# do I replace Epson 4800 print head or buy new printer



## okprinter (Sep 6, 2014)

I have an epson 4800 with sawgrass inks for sublimation. it seems that I need a new print head and I am due for a new set of inks.

I was told by Sawgrass the last time I ordered ink is that not very many people are still using the Epson 4800 for sublimation and that is why the inks I received have such a short shelf life left.

Who is still using an Epson 4800 for sublimation and what inks are you running?

Is this printer worth spending $1000 for new print head and another $2000 for new set of inks?

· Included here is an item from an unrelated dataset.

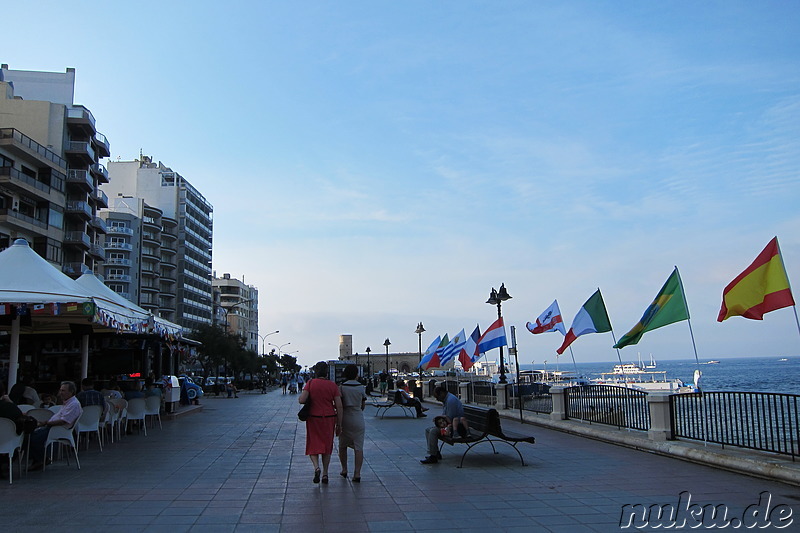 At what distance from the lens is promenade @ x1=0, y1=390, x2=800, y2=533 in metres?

It seems there are a few new printers out that, so may be a good time to upgrade to newer technology.

thoughts?


----------



## DPendable (Dec 21, 2012)

I run a 4800 and it is just fine. Have you tried recovering the head? Pulling it out and doing a major cleaning on it? 



Sent from my SAMSUNG-SGH-I747 using T-Shirt Forums


----------



## okprinter (Sep 6, 2014)

DPendable said:


> I run a 4800 and it is just fine. Have you tried recovering the head? Pulling it out and doing a major cleaning on it?
> 
> Sent from my SAMSUNG-SGH-I747 using T-Shirt Forums


I have not pulled it out at this point...just several cleans, soaking over distilled water in the capping station, soaking over mixture of simple green/distilled water in capping station, and letting the head sit over a paper towel with windex on it.

what all would you suggest for a major cleaning?

What ink are you using?


----------



## DPendable (Dec 21, 2012)

I have recovered a few heads. What I do is pull the head all the way out of the printer. (Easy to do just look on YouTube)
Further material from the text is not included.